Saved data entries
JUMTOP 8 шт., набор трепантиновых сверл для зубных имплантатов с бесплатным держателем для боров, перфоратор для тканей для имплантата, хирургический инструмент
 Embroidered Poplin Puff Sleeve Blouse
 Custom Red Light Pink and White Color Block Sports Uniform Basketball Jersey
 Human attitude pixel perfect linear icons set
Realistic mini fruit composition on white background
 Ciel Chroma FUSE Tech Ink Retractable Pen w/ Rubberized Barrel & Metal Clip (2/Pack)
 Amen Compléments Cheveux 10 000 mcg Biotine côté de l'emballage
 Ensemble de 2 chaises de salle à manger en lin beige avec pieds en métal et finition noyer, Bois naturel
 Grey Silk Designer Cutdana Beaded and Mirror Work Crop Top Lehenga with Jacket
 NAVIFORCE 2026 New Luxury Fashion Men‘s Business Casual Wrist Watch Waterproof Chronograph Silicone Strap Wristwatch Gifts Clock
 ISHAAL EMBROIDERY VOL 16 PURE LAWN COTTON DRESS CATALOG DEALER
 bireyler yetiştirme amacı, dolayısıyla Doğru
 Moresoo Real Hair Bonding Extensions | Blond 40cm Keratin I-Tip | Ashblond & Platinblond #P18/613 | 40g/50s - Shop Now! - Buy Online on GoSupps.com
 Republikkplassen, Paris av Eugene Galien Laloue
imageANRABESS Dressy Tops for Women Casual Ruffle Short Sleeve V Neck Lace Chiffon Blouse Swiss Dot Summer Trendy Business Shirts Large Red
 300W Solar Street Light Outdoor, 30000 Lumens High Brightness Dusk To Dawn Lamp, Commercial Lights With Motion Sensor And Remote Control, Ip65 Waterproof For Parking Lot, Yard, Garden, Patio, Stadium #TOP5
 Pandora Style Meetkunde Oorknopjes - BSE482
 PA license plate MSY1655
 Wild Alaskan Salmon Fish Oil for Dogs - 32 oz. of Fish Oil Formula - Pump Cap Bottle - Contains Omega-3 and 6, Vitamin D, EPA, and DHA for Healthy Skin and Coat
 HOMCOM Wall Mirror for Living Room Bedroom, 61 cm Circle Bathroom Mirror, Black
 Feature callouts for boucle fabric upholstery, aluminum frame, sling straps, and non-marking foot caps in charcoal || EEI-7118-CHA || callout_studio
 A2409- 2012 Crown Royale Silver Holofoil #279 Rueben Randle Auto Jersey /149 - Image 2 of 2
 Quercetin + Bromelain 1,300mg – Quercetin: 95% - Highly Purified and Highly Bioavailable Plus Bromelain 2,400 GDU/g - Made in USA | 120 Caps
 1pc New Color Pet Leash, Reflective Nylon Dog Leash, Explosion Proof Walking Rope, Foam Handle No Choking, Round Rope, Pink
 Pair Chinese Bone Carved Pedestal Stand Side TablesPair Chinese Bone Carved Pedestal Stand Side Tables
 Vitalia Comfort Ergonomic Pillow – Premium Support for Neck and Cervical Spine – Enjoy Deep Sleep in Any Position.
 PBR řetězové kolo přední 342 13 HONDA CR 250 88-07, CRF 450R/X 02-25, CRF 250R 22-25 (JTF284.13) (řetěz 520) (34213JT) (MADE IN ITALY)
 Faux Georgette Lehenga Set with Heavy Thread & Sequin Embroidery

◆ ACTIVITY
Search the entries for the word "Blouse". Copy each line where it appears.

◆ WRITTEN ANSWER
 Embroidered Poplin Puff Sleeve Blouse
imageANRABESS Dressy Tops for Women Casual Ruffle Short Sleeve V Neck Lace Chiffon Blouse Swiss Dot Summer Trendy Business Shirts Large Red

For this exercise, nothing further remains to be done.